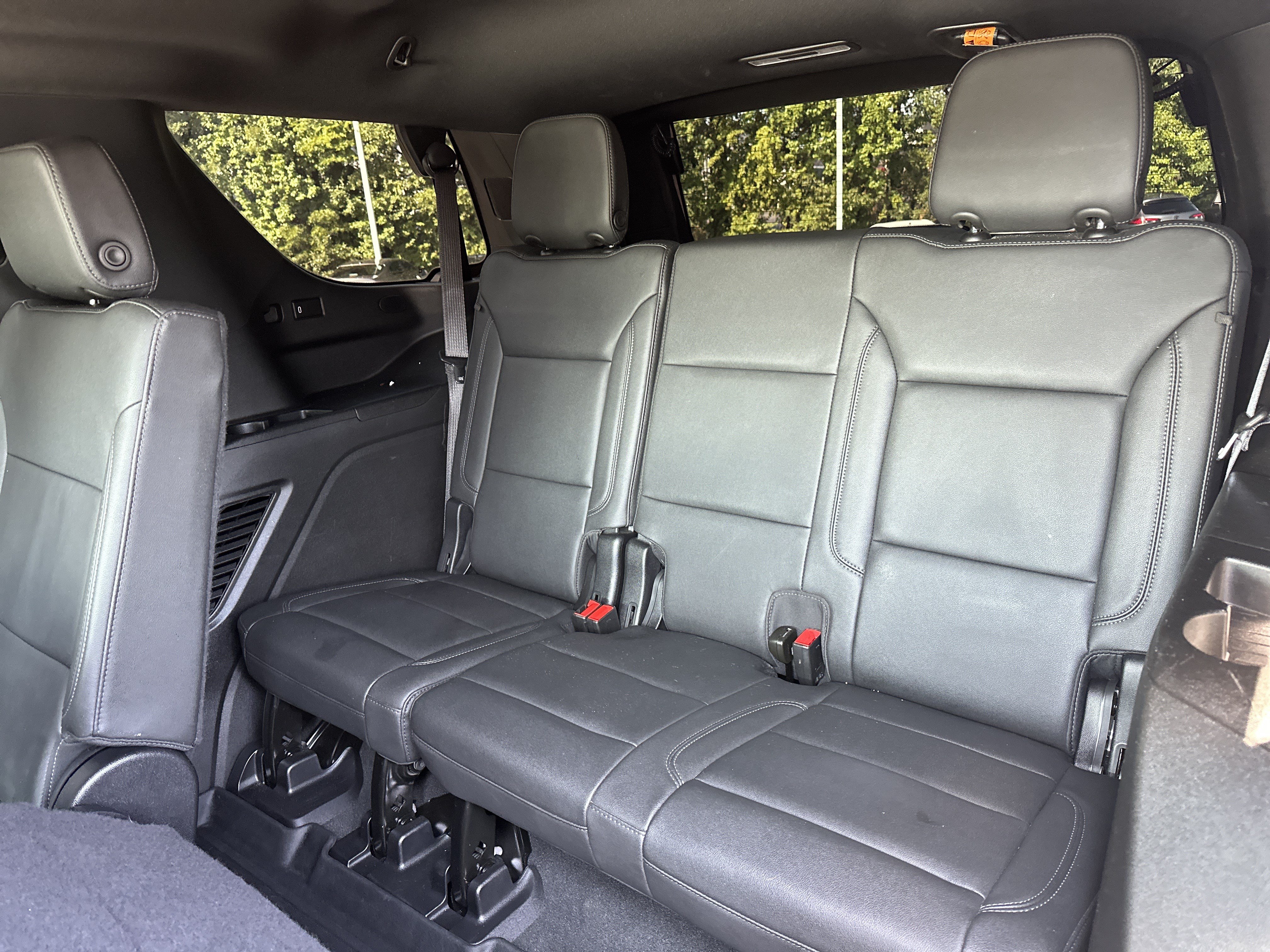 Used 2024 Chevrolet Tahoe Z71 w/ Luxury Package AWD/4WD image 33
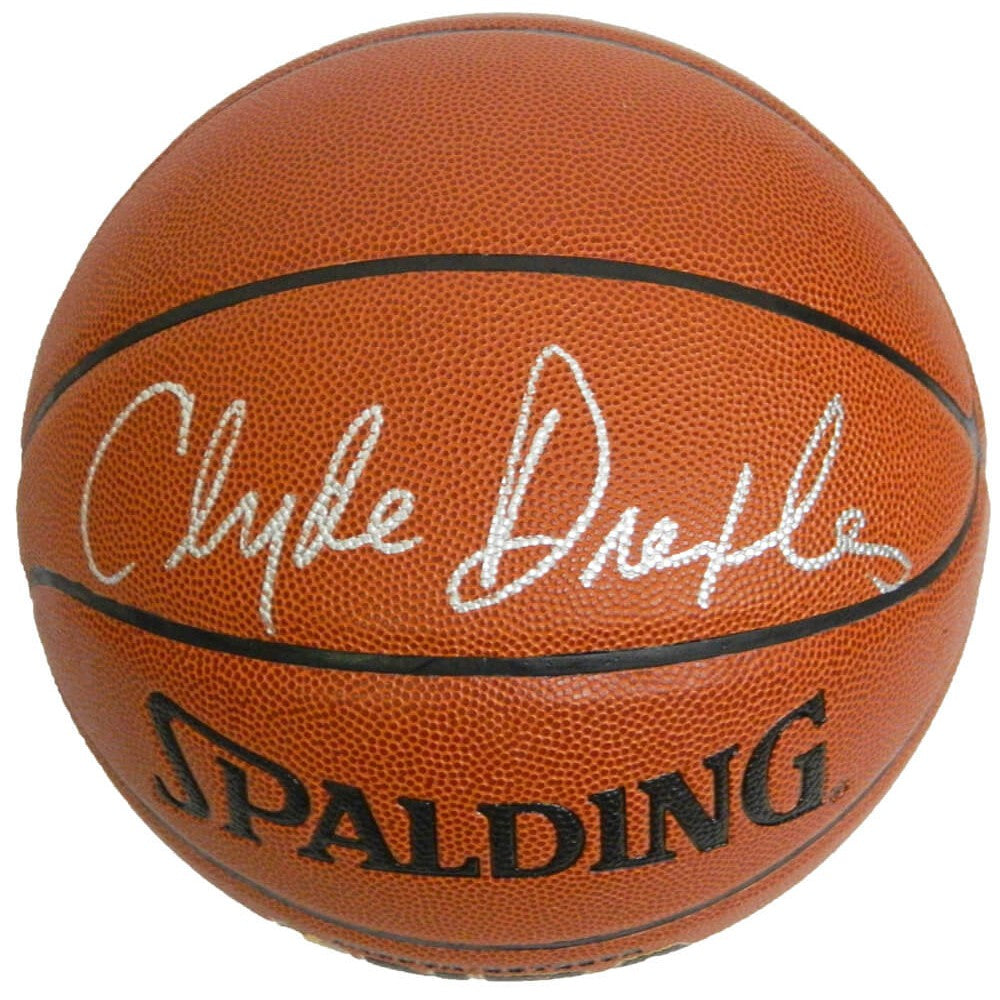 Schwartz Sports Clyde Drexler Signed Spalding NBA Indoor/Outdoor Basketball DREBSK205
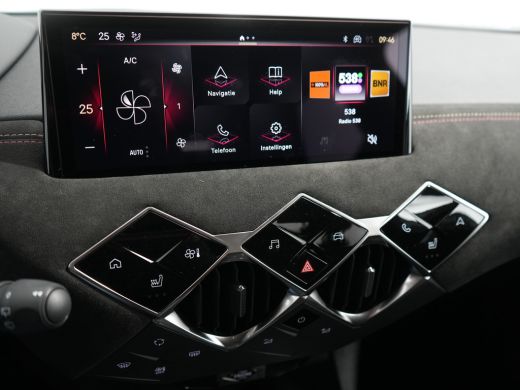 DS DS 3 Performance Line | 17" lichtmetalen velgen DUBLIN | DS Iris Navigatie System | Interieur Black Al... ActivLease financial lease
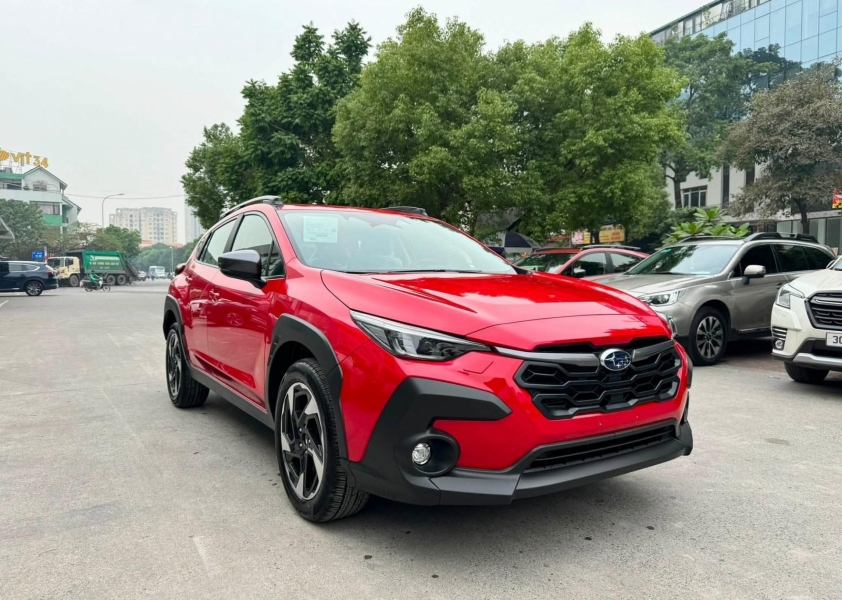 Subaru Forester tiếp tục được giảm giá 'khủng', mức khởi điểm xuống dưới 800 triệu đồng 863098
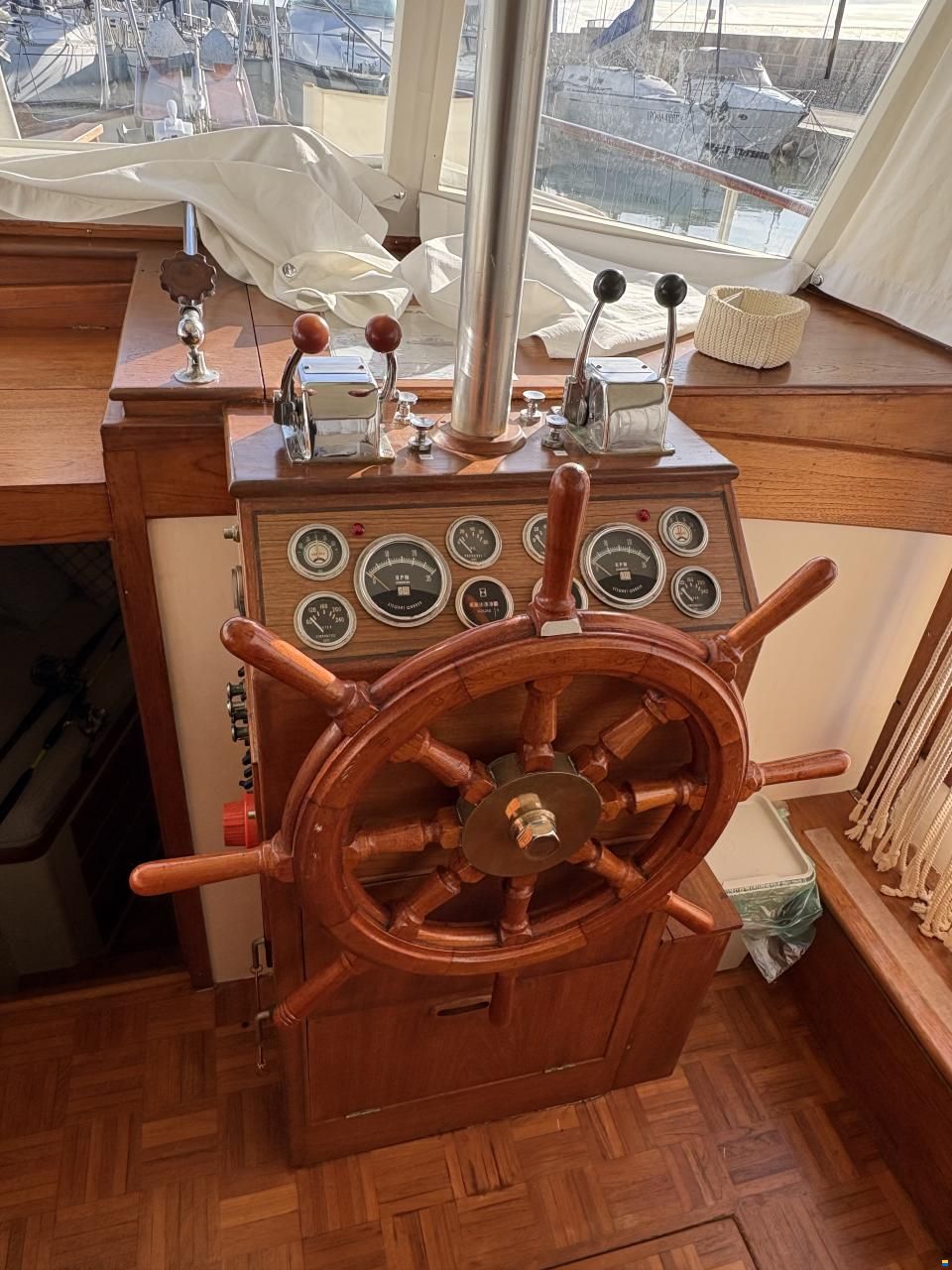 American Marine Grand Banks 36 Classic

# What you will do:
Return the entries above exactly and in full; do not include images.

# Task response:
 Used 2024 Chevrolet Tahoe Z71 w/ Luxury Package AWD/4WD image 33
 Schwartz Sports Clyde Drexler Signed Spalding NBA Indoor/Outdoor Basketball DREBSK205
 DS DS 3 Performance Line | 17" lichtmetalen velgen DUBLIN | DS Iris Navigatie System | Interieur Black Al... ActivLease financial lease
 Subaru Forester tiếp tục được giảm giá 'khủng', mức khởi điểm xuống dưới 800 triệu đồng 863098
 American Marine Grand Banks 36 Classic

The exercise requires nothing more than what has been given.